Assigned task. Copy out, unchanged, every line from the start of the records to the line that contains "Oklahoma National Guardsman", and stop there.

------------------------

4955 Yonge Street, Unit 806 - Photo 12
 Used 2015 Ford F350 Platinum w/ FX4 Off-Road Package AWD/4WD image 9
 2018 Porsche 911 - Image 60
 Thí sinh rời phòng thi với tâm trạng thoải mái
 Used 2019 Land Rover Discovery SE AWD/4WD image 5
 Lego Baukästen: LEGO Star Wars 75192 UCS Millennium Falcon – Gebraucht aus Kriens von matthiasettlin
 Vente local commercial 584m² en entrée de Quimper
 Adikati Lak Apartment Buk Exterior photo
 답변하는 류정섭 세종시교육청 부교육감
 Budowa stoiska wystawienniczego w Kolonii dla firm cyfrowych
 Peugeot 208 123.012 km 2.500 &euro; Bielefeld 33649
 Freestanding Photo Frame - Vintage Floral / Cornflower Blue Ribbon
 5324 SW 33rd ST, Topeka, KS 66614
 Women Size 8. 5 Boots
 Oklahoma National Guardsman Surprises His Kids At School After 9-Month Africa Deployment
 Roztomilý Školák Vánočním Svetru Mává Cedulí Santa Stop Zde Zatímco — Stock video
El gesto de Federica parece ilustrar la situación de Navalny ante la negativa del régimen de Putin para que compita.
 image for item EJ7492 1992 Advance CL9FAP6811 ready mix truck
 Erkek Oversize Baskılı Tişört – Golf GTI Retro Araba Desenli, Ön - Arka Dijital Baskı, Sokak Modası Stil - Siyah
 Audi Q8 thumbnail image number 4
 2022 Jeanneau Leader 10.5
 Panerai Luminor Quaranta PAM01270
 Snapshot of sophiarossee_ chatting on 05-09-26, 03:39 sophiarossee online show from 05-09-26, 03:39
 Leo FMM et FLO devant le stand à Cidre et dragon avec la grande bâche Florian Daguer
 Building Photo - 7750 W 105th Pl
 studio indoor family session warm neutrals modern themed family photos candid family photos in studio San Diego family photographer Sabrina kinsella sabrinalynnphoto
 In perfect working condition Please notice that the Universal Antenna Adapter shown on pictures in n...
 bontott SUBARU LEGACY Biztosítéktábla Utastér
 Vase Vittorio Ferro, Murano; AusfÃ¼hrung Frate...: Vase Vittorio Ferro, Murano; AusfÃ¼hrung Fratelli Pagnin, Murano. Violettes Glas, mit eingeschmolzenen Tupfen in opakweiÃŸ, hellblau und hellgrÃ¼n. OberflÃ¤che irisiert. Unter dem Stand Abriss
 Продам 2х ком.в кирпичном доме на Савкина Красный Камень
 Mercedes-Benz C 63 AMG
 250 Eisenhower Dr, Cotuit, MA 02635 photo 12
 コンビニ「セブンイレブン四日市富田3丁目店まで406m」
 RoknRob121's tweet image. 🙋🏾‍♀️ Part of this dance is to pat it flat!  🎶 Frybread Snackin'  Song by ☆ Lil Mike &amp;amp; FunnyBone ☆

------------------------

Answer space.
4955 Yonge Street, Unit 806 - Photo 12
 Used 2015 Ford F350 Platinum w/ FX4 Off-Road Package AWD/4WD image 9
 2018 Porsche 911 - Image 60
 Thí sinh rời phòng thi với tâm trạng thoải mái
 Used 2019 Land Rover Discovery SE AWD/4WD image 5
 Lego Baukästen: LEGO Star Wars 75192 UCS Millennium Falcon – Gebraucht aus Kriens von matthiasettlin
 Vente local commercial 584m² en entrée de Quimper
 Adikati Lak Apartment Buk Exterior photo
 답변하는 류정섭 세종시교육청 부교육감
 Budowa stoiska wystawienniczego w Kolonii dla firm cyfrowych
 Peugeot 208 123.012 km 2.500 &euro; Bielefeld 33649
 Freestanding Photo Frame - Vintage Floral / Cornflower Blue Ribbon
 5324 SW 33rd ST, Topeka, KS 66614
 Women Size 8. 5 Boots
 Oklahoma National Guardsman Surprises His Kids At School After 9-Month Africa Deployment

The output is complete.